KARACHI: Share prices moved both ways on Wednesday before settling on the lower side as a result of uncertain macroeconomic conditions.
Arif Habib Ltd said the volume for mainboard stocks dropped while third-tier companies continued their dominance on the trading counter.
A lack of positive triggers on the market kept investors away from participation, said JS Global. According to analyst Ahsan Mehanti, dismal data on exports, down 16.6 per cent year-on-year, along with a drop in the cotton output by 37.23pc and a slump in petroleum sales by 11pc played a key role in in the bearish close.
As a result, the KSE-100 index settled at 40,539.30 points, down 91.34 points or 0.22pc from the preceding session.
The overall trading volume decreased 28.9pc to 142.9 million shares.
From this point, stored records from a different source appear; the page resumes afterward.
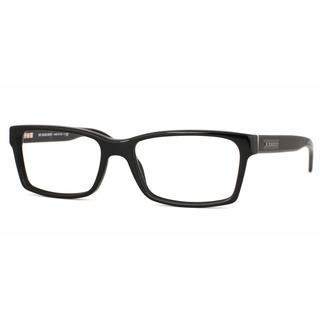 Burberry Mens BE2108 3001 Black Plastic Square Eyeglasses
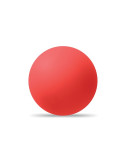 FUNBALL Balle rebondissante caoutchouc Couleurs : rouge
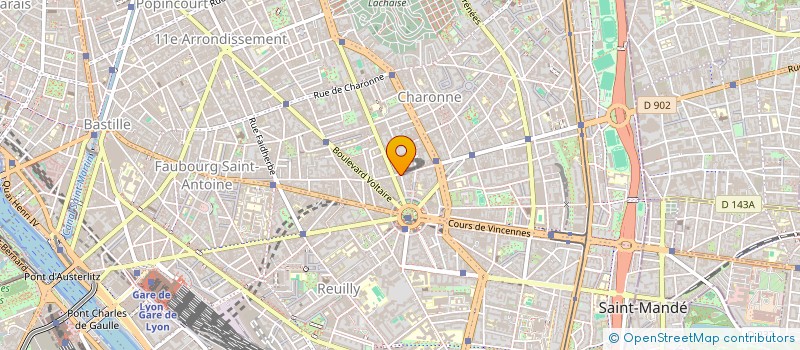 localisation de l'entreprise UNITE NATION  PARIS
The traded value went down 12.9pc to $19.1m on a day-on-day basis.
Stocks contributing significantly to the traded volume included Dewan Farooque Motors Ltd (10.8m shares), Sui Southern Gas Company Ltd (10.7m shares), Al-Shaheer Corporation Ltd (9.3m shares), Sui Northern Pipelines Ltd (8.9m shares) and WorldCall Telecom Ltd (7.2m shares).
Sectors contributing the most to the index performance were exploration and production (-49.4 points), commercial banking (-36.5 points), power generation and distribution (-17.7 points), engineering (-8.6 points) and oil marketing (-7.0 points).
Companies registering the biggest increases in their share prices in absolute terms were Rafhan Maize Products Company Ltd (Rs499), Premium Textile Mills Ltd (Rs34.97), Reliance Cotton and Spinning Mills Ltd (Rs26.09), Al-Abbas Sugar Mills Ltd (Rs24.25) and Pakistan Engineering Company Ltd (Rs21.56).
Companies that recorded the biggest declines in their share prices in absolute terms were Nestle Pakistan Ltd (Rs100), JDW Sugar Mills Ltd (Rs14.66), the Thal Industries Corporation Ltd (Rs14.35), Suraj Cotton Mills Ltd (Rs11.62) and Pak Suzuki Motor Company Ltd (Rs10.62).
Foreign investors were net buyers as they purchased shares worth $0.12m.